In addition to photovoltaic modules, the whole system includes a DC-AC inverter, a charge controller grid to connect with a utility powerline, and a set of frames to hold the modules on rooftops, etc., costing 1.2 million yen (about U.S.$10,000) per kilowatt. This means that a 3 kW system, the size usually installed for one household, costs 3.6 million yen (about U.S.$30,000), which is rather expensive. To spread the use of household photovoltaic systems, the costs for the whole system would have to come down further, and subsidies would also be needed.

The Japanese government introduced a subsidy for the installation of home power generation systems in FY1994. The subsidy covers about a half of the equipment cost. The number of subsidy approvals was 557 in FY1994, 600 in the first half of FY1995, and 423 in the second half of FY 1995. The average installed capacity per household was 3.5 kW to 3.9 kW.

The cost of solar power systems has fallen steadily, from 6 million yen (about U.S.$50,000) for a 3 kW system in FY1994, to a little less than 4 million yen (about U.S.$33,600) in FY1996, and 2 million yen (about U.S.$16,800) for the same size of system in FY2000. The subsidy in Japan has been reduced to only one-third of the equipment cost. (By comparison, the German government provides a 70-percent subsidy to promote solar power generation.)

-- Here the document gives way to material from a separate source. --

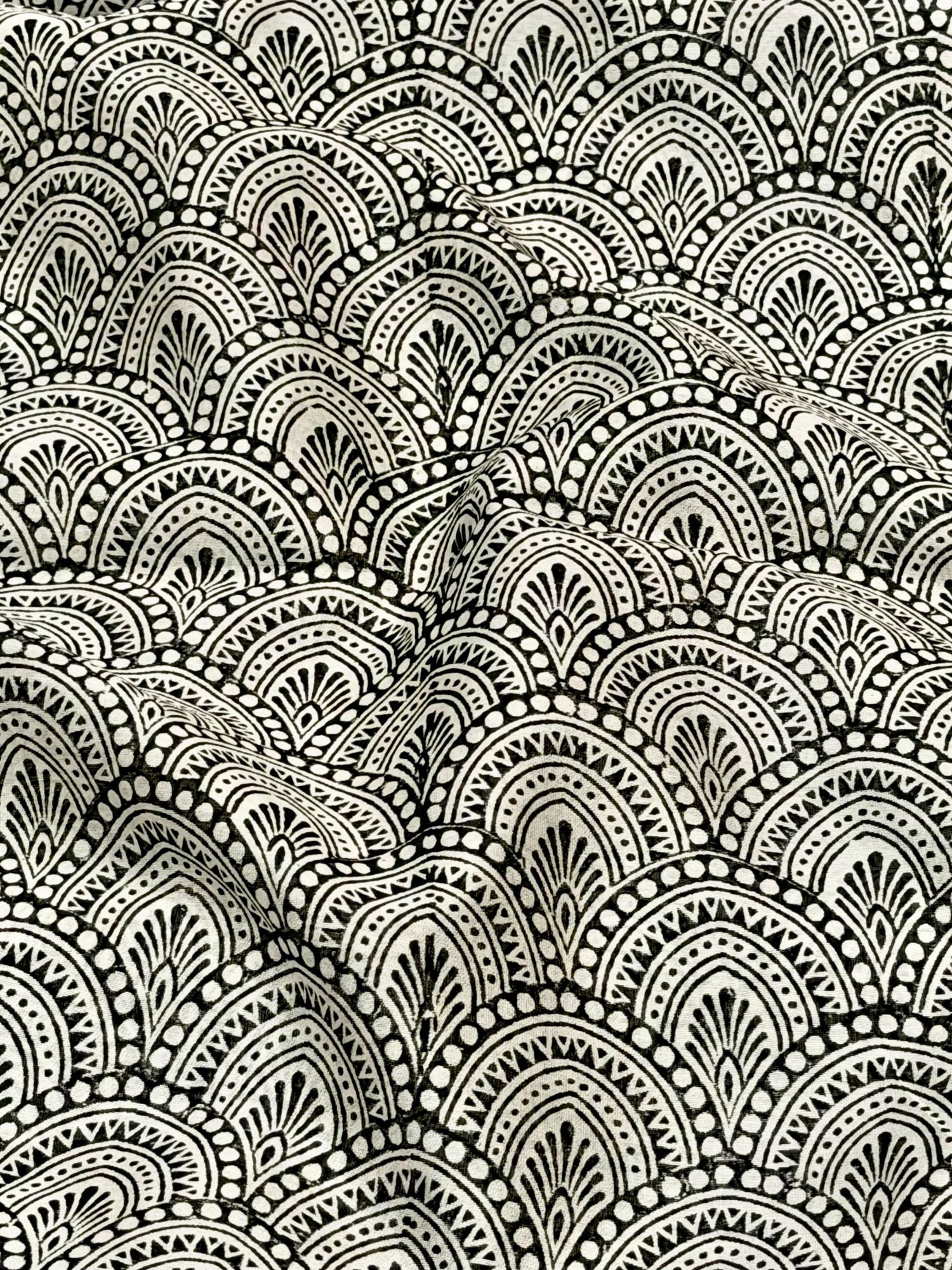 Pure Chanderi Silk Fabric With Black Hand Block Prints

Since January 1992, Japanese power companies have been purchasing surplus electricity at competitive rates from renewable sources such as solar and wind power, giving great momentum to promote solar power systems. Remarkably, this momentum has been gained in the absence of regulations regarding price-setting or obligatory purchasing.

According to Professor Emeritus Yoshihiro Hamakawa of Osaka University, photovoltaic power generation in Japan has the potential to generate 307.7 billion kWh per year, or 40 percent of Japan's current total electrical power generation. This could be realized if 80 percent of Japan's 25 million households were equipped with solar panels generating 3 kW and 50 percent of Japan's 450,000 collective housing complexes were equipped with rooftop panels generating 20 kW per building.

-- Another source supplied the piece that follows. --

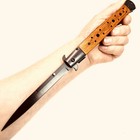 12      Long Wood Spring Assisted Open Stainless Blade Folding Pocket Knife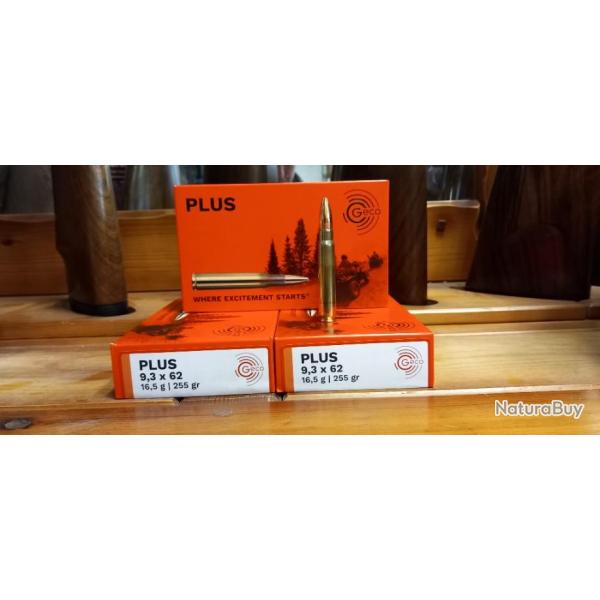 Lot de 3 bo�tes de 20 balles GECO PLUS cal 9,3x62 - 16,g / 255gr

The implications are impressive. Just think! As much as 40 percent of Japan's total electricity needs could be met by photovoltaic systems installed on existing houses and buildings.

(3) Wind Power Generation

Since the 1990s, when the global warming issue started to attract attention, the production of wind power worldwide has rapidly increased. It has grown by some 30 percent per year over the past five years.

In recent years, wind power generation has made significant progress in Japan, thanks to the government's policies and measures, including the enactment of the Law concerning Promotion of the Use of New Energy. As of January 2003, installed capacity was about 400 MW, but this accounts for only 1.2 percent of global output.

It has been considered that Japan, despite being hit by numerous typhoons every year, did not have the kind of wind suitable for power generation. As part of the New Sunshine Project, the New Energy and Industrial Technology Development Organization (NEDO) observed wind conditions throughout the country for eight years and compiled a wind map. It revealed the country did actually have more than enough wind resources.

In fact, one-seventh of the Japanese land boasts wind with the annual average velocity of six meters per second, the lower limit for economically viable power generation. If wind turbines of 40 meters in diameter (the largest size now in practical operation) were installed in Japan at all suitable sites on land, considering the various obstacles, total power generation would amount to 25 million kW. This amounts to 20 percent of the country's annual power output today.

Three scenarios for potential energy demand have been considered: optimistic, moderate, and pessimistic. Even in the moderate estimate, 3.5 percent of power demand is likely to be met by constructing wind turbines that collectively generate 6.87 million kW.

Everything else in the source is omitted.